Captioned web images
↓↓↓
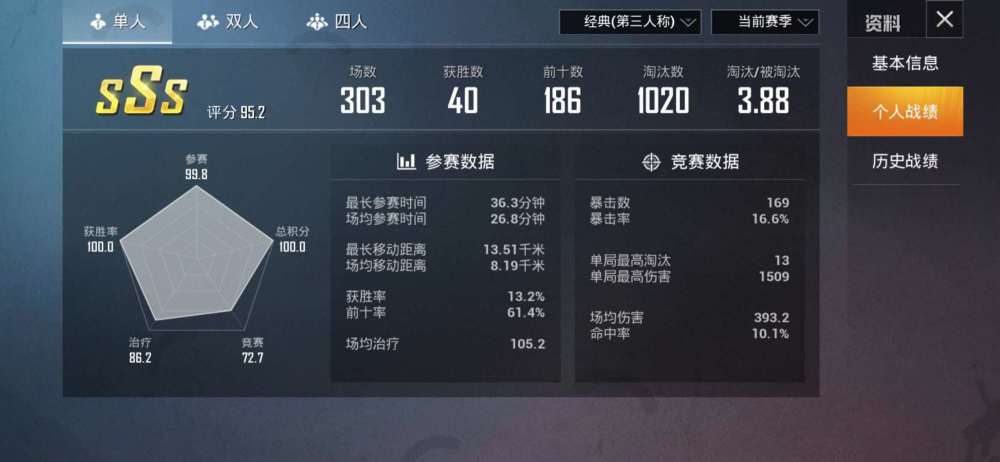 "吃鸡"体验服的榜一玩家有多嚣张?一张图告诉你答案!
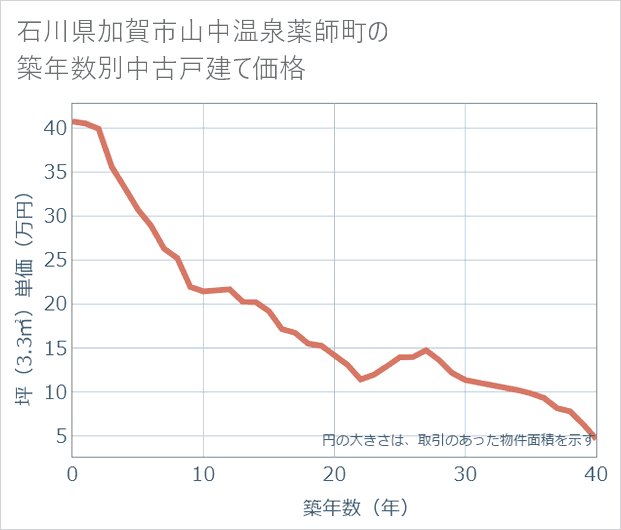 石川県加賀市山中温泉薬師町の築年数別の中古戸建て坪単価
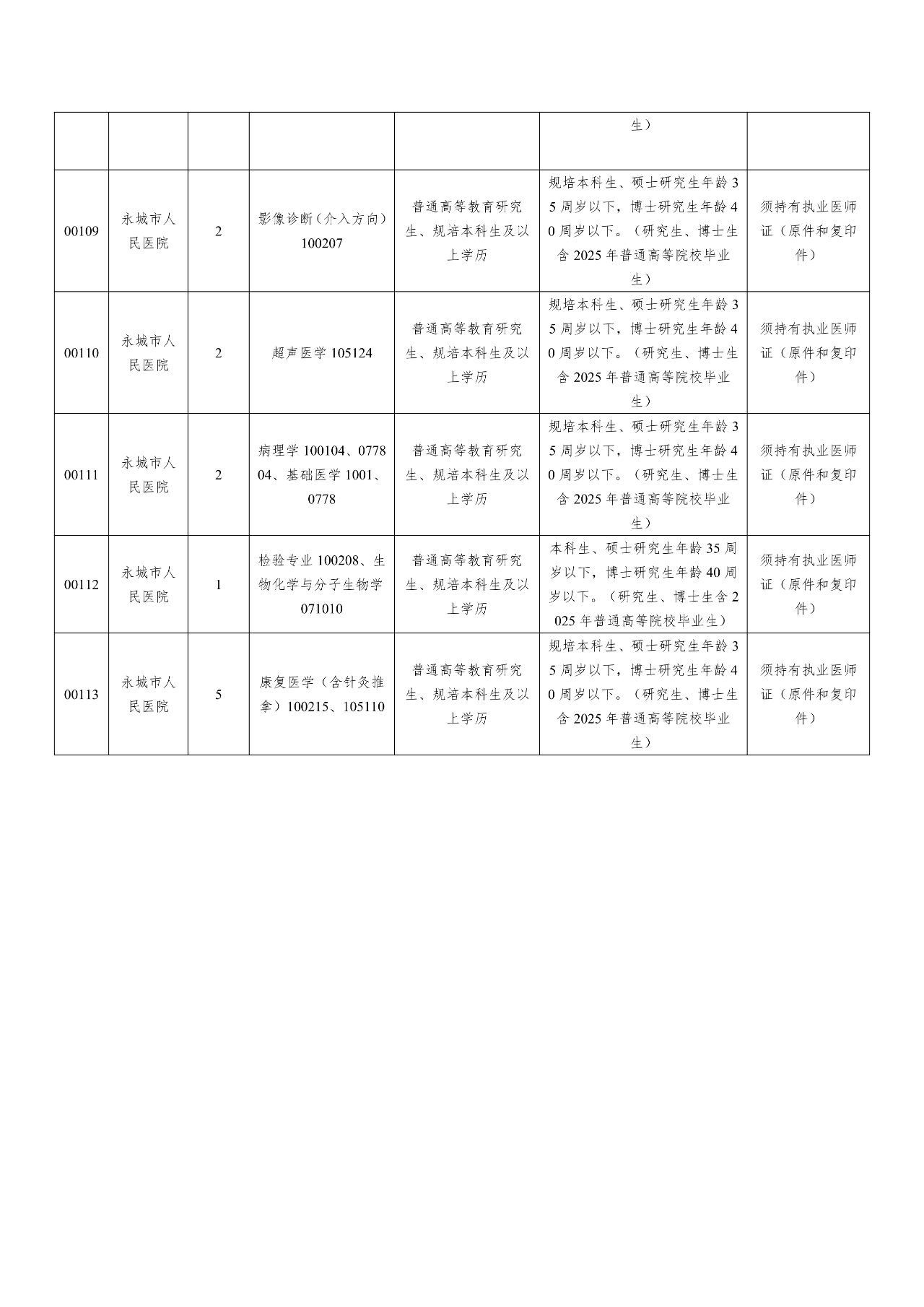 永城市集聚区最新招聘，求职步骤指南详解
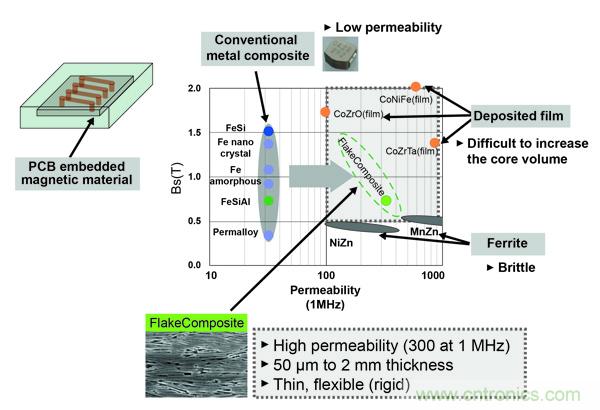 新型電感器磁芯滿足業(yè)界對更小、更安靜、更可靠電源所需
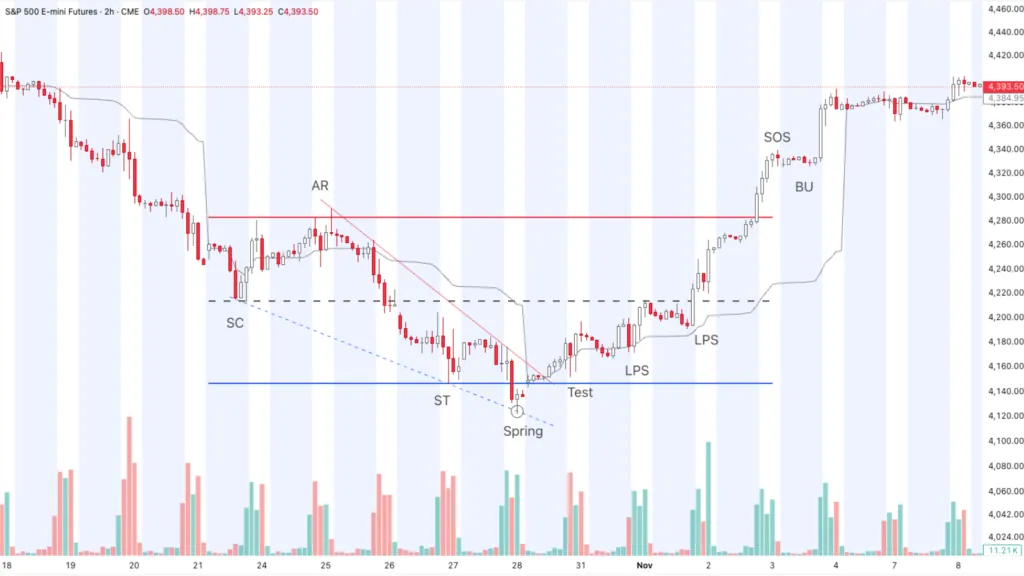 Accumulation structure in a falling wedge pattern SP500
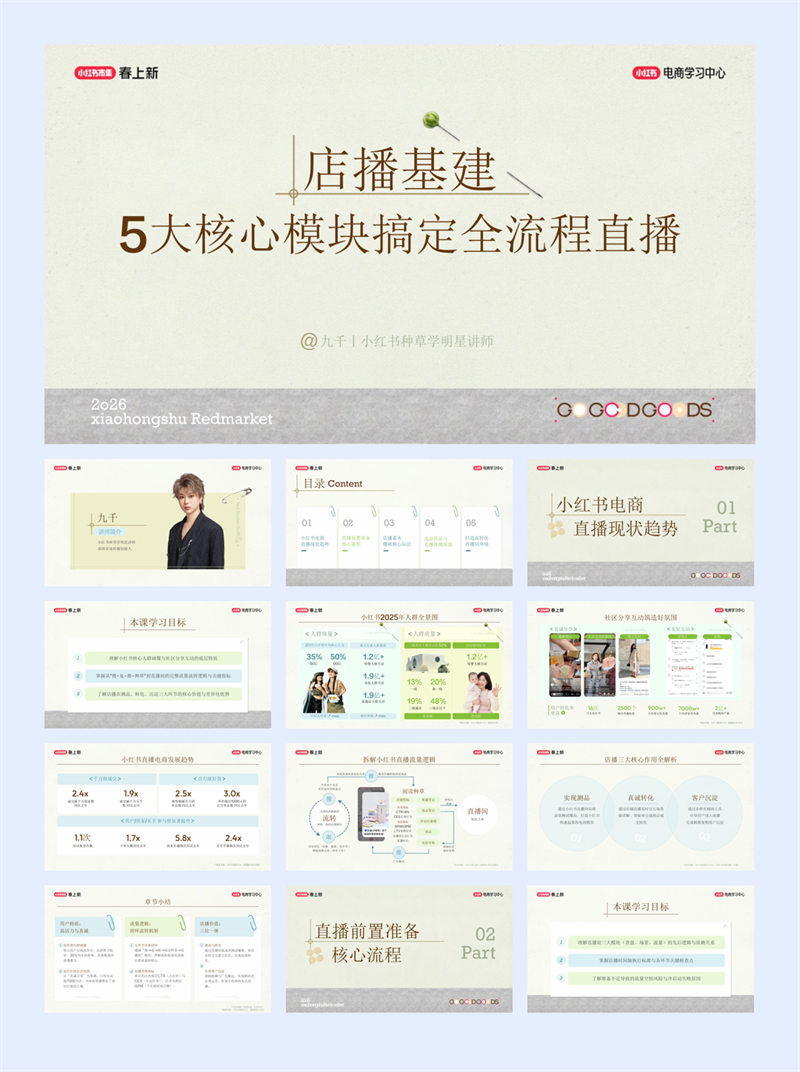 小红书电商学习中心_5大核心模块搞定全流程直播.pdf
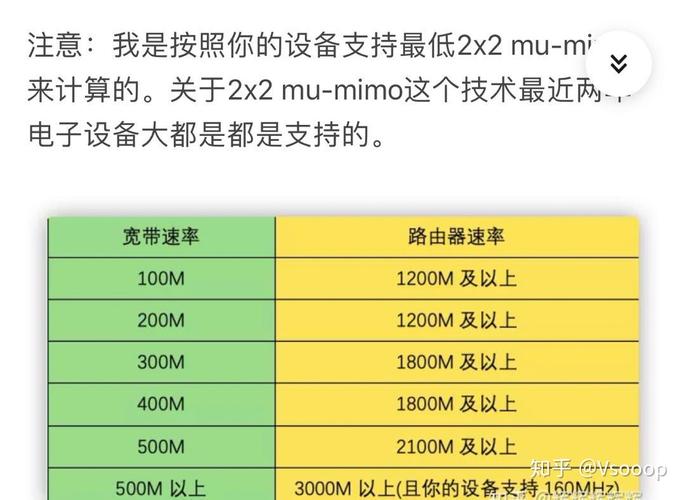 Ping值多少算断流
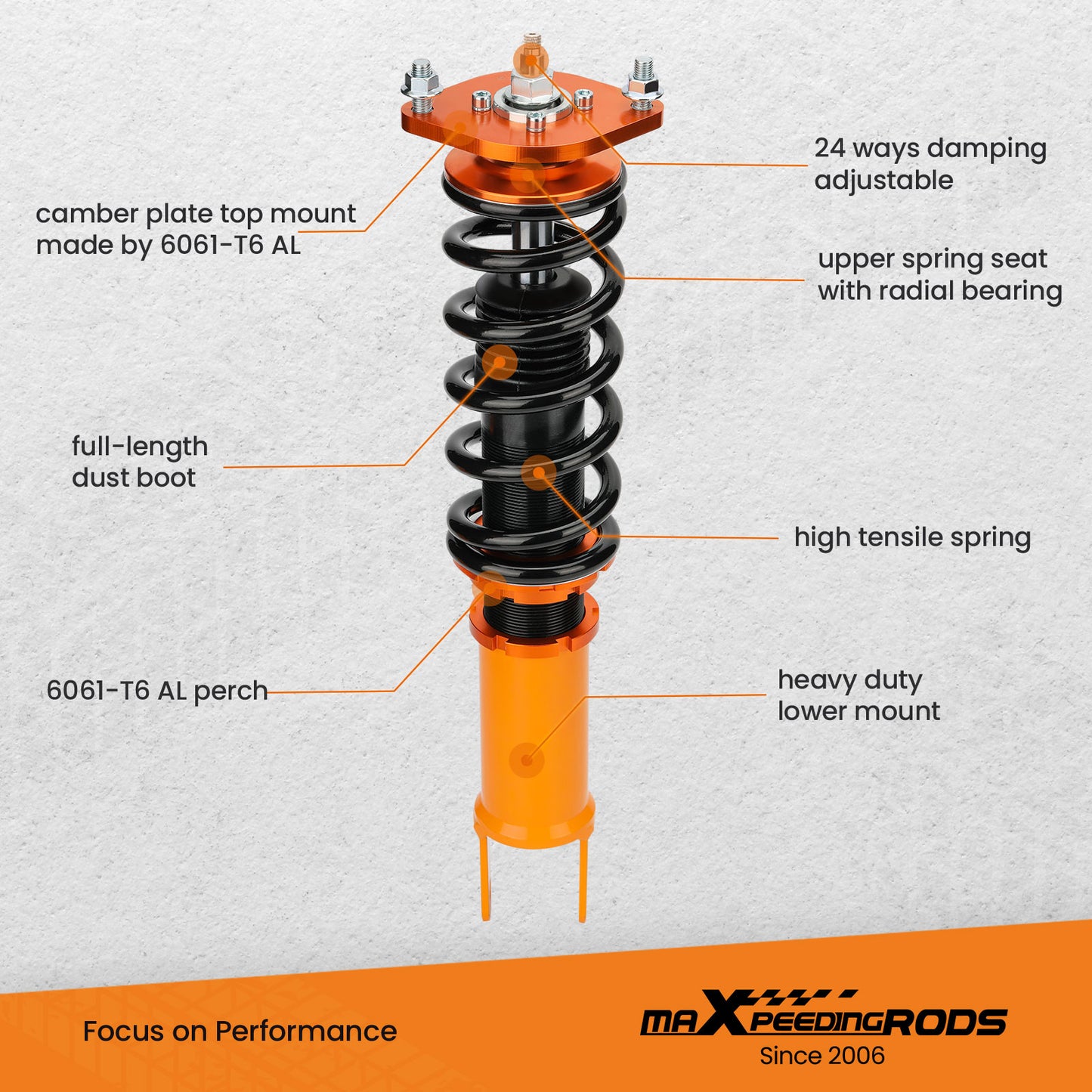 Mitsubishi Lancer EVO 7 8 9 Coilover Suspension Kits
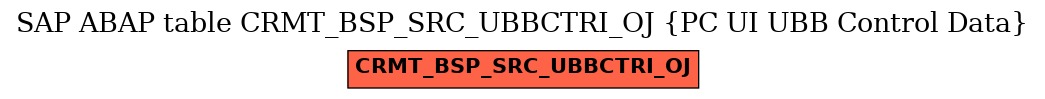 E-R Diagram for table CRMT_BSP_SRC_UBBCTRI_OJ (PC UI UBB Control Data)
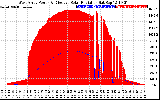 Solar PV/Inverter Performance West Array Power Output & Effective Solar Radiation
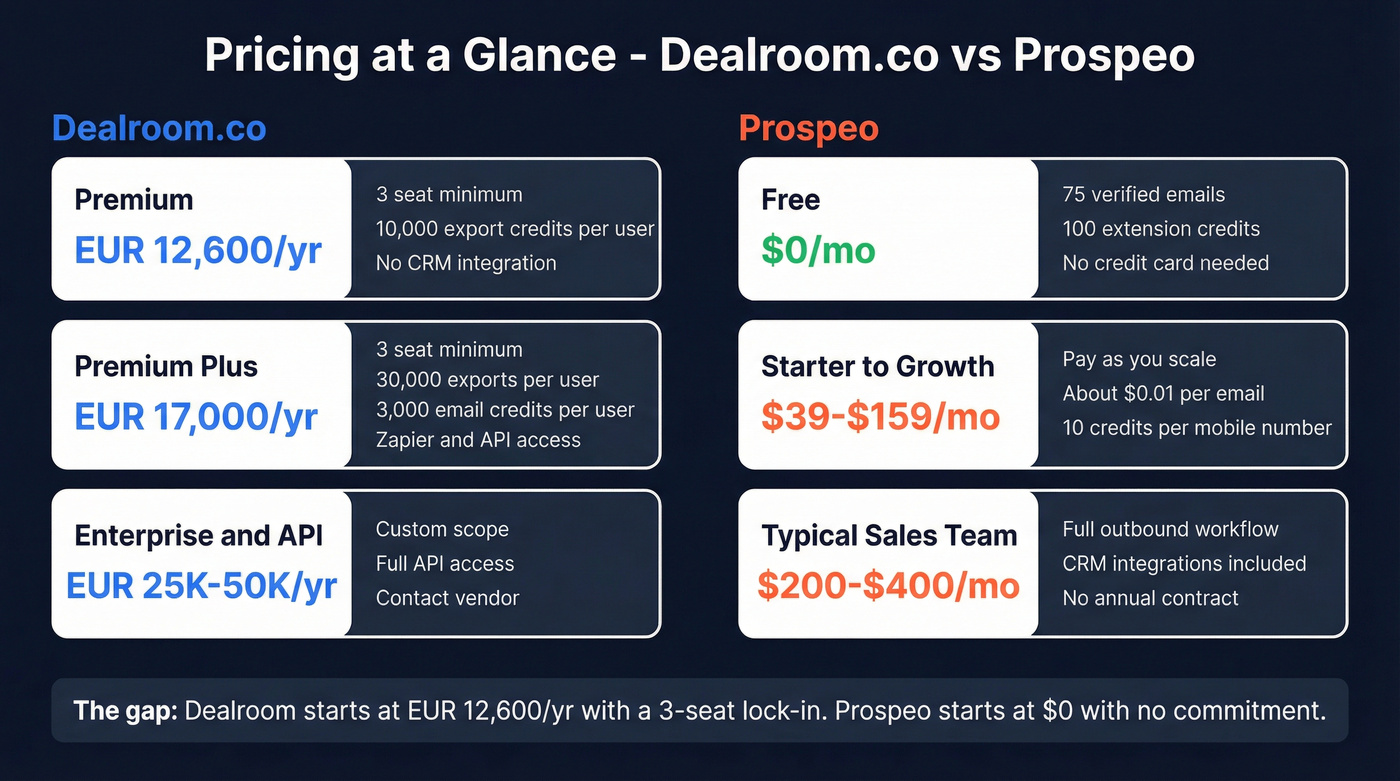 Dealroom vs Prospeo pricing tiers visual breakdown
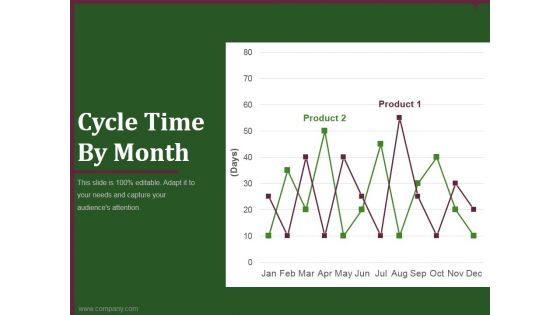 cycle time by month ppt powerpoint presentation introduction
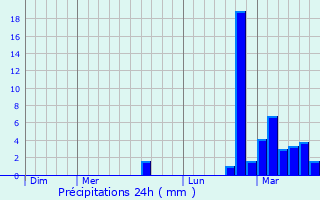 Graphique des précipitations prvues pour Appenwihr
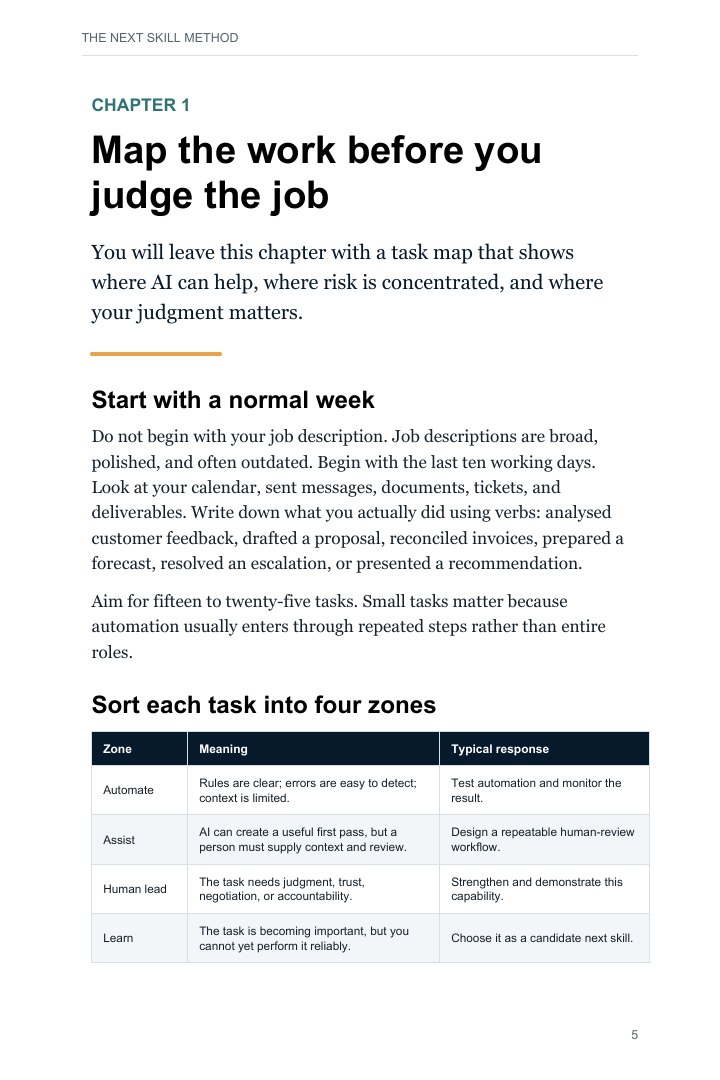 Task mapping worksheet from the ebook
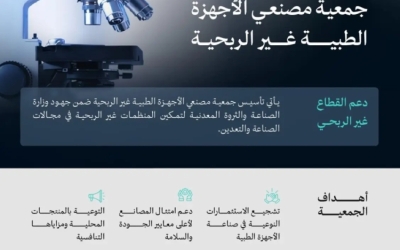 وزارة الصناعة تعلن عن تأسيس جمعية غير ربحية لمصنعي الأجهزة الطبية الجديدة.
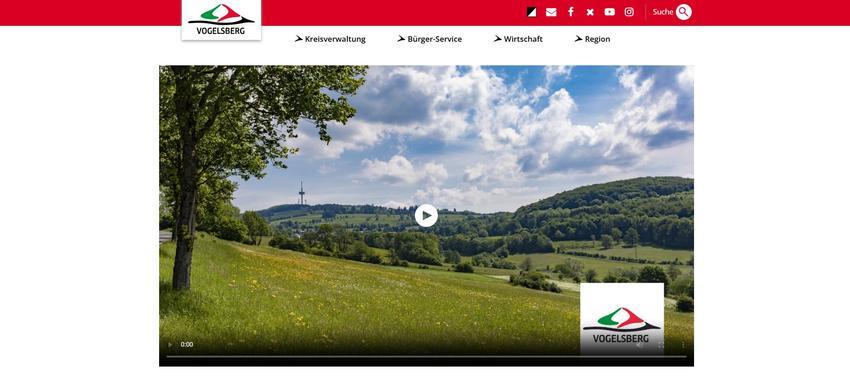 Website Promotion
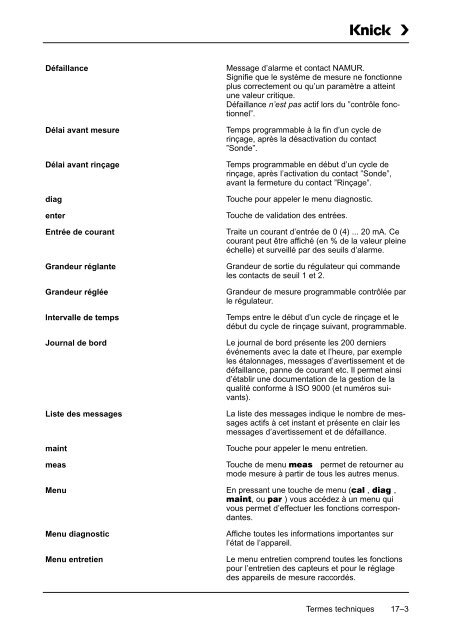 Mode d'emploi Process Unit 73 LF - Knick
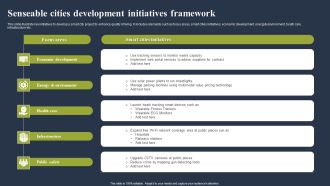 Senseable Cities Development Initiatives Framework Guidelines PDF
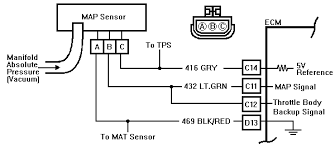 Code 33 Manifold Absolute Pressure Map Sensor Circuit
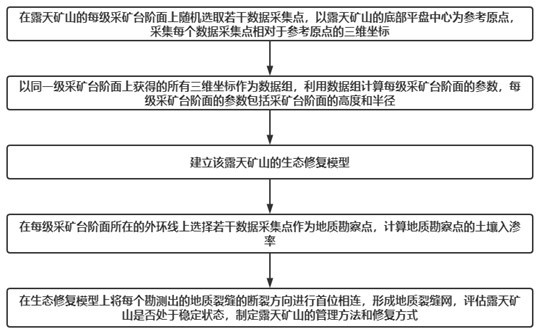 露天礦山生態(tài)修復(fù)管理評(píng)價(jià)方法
↑↑↑
= Work order =
Make an exact copy of every entry above, but keep the pictures out of it.

= Answer box =
 "吃鸡"体验服的榜一玩家有多嚣张?一张图告诉你答案!
 石川県加賀市山中温泉薬師町の築年数別の中古戸建て坪単価
 永城市集聚区最新招聘，求职步骤指南详解
 新型電感器磁芯滿足業(yè)界對更小、更安靜、更可靠電源所需
 Accumulation structure in a falling wedge pattern SP500
 小红书电商学习中心_5大核心模块搞定全流程直播.pdf
 Ping值多少算断流
 Mitsubishi Lancer EVO 7 8 9 Coilover Suspension Kits
 E-R Diagram for table CRMT_BSP_SRC_UBBCTRI_OJ (PC UI UBB Control Data)
 Solar PV/Inverter Performance West Array Power Output & Effective Solar Radiation
 Dealroom vs Prospeo pricing tiers visual breakdown
 cycle time by month ppt powerpoint presentation introduction
 Graphique des précipitations prvues pour Appenwihr
 Task mapping worksheet from the ebook
 وزارة الصناعة تعلن عن تأسيس جمعية غير ربحية لمصنعي الأجهزة الطبية الجديدة.
 Website Promotion
 Mode d'emploi Process Unit 73 LF - Knick
 Senseable Cities Development Initiatives Framework Guidelines PDF
 Code 33 Manifold Absolute Pressure Map Sensor Circuit
 露天礦山生態(tài)修復(fù)管理評(píng)價(jià)方法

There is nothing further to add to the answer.